▶ [ASSIGNMENT] The output should be the listing below, limited to the lines from the one with "Cockapoo, Cocker Spaniel, and" through the one with "A maize farmer", exact and without pictures.

+++ SUPPLIED MATERIAL

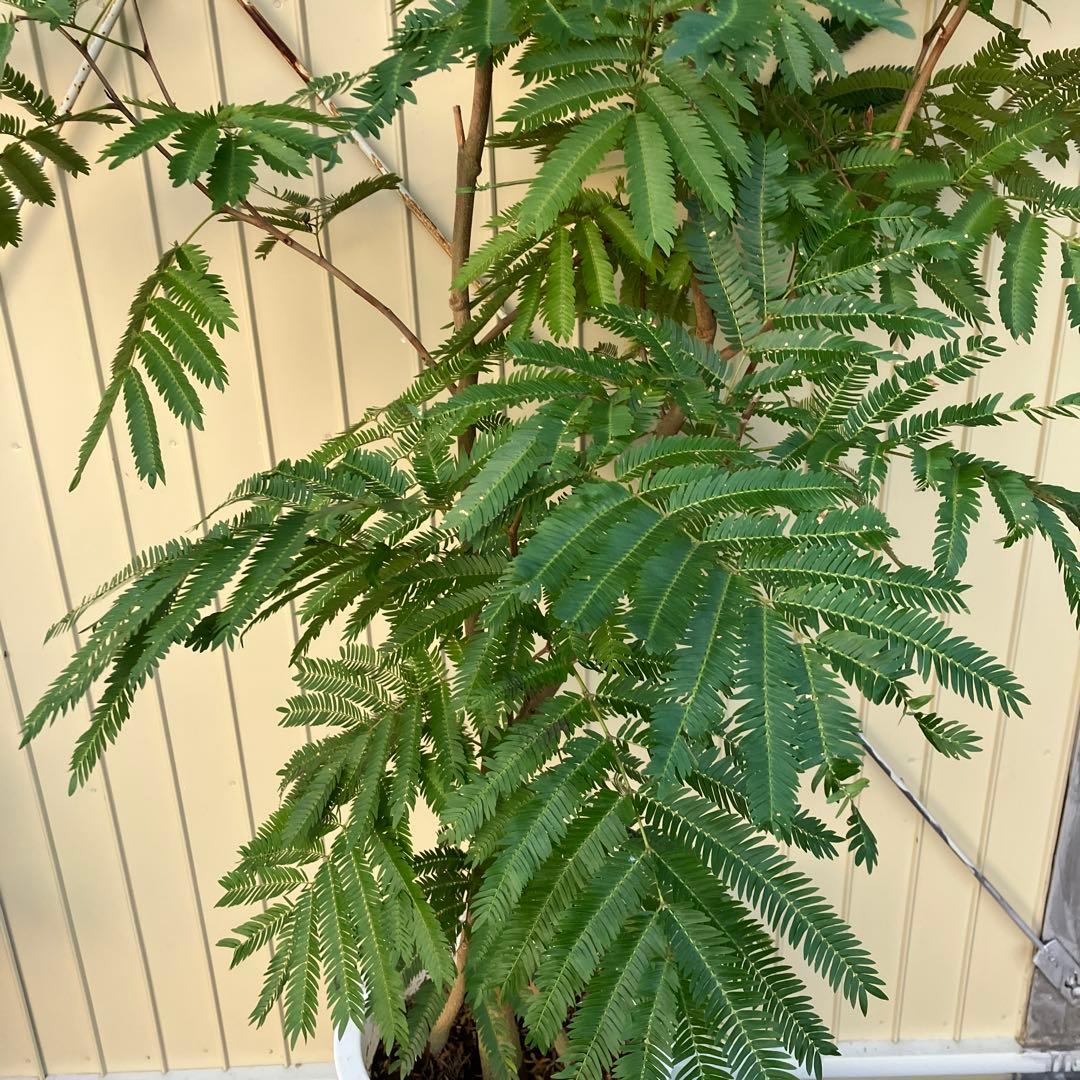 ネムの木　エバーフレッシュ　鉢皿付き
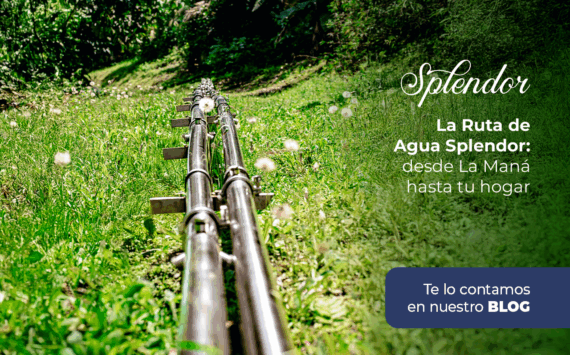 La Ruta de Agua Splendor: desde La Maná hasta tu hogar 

++++++
+++ SUPPLIED MATERIAL

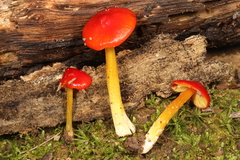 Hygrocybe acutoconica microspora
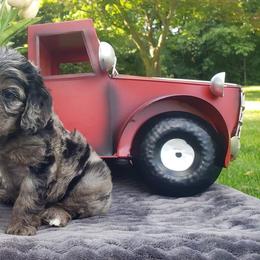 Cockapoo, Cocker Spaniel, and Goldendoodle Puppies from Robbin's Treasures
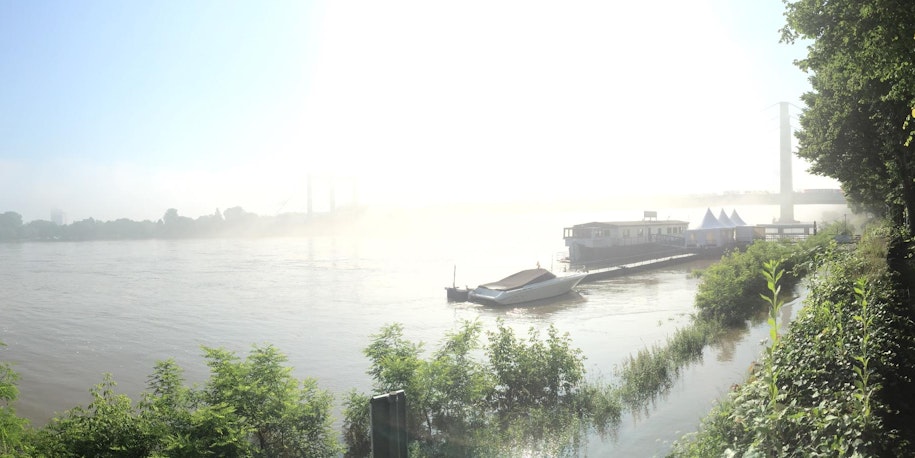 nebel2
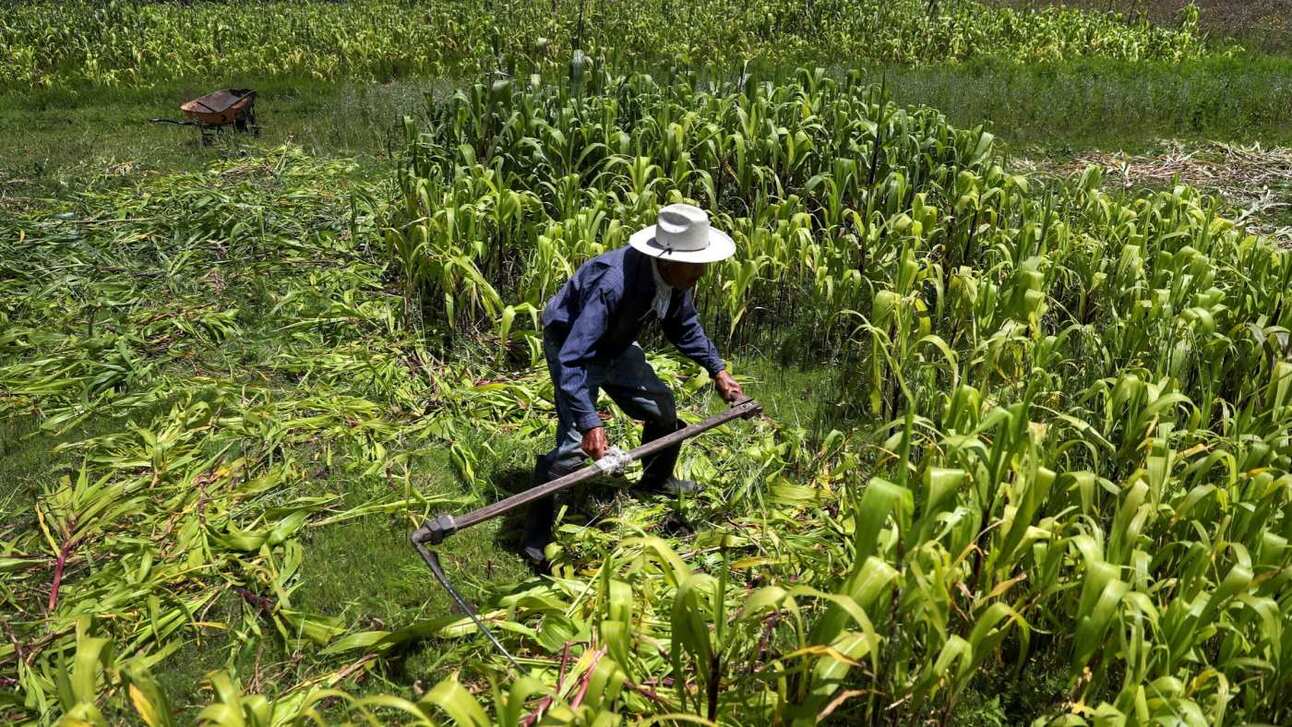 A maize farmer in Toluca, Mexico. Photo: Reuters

++++++

▶ [TASK RESPONSE]
 Cockapoo, Cocker Spaniel, and Goldendoodle Puppies from Robbin's Treasures
 nebel2
 A maize farmer in Toluca, Mexico. Photo: Reuters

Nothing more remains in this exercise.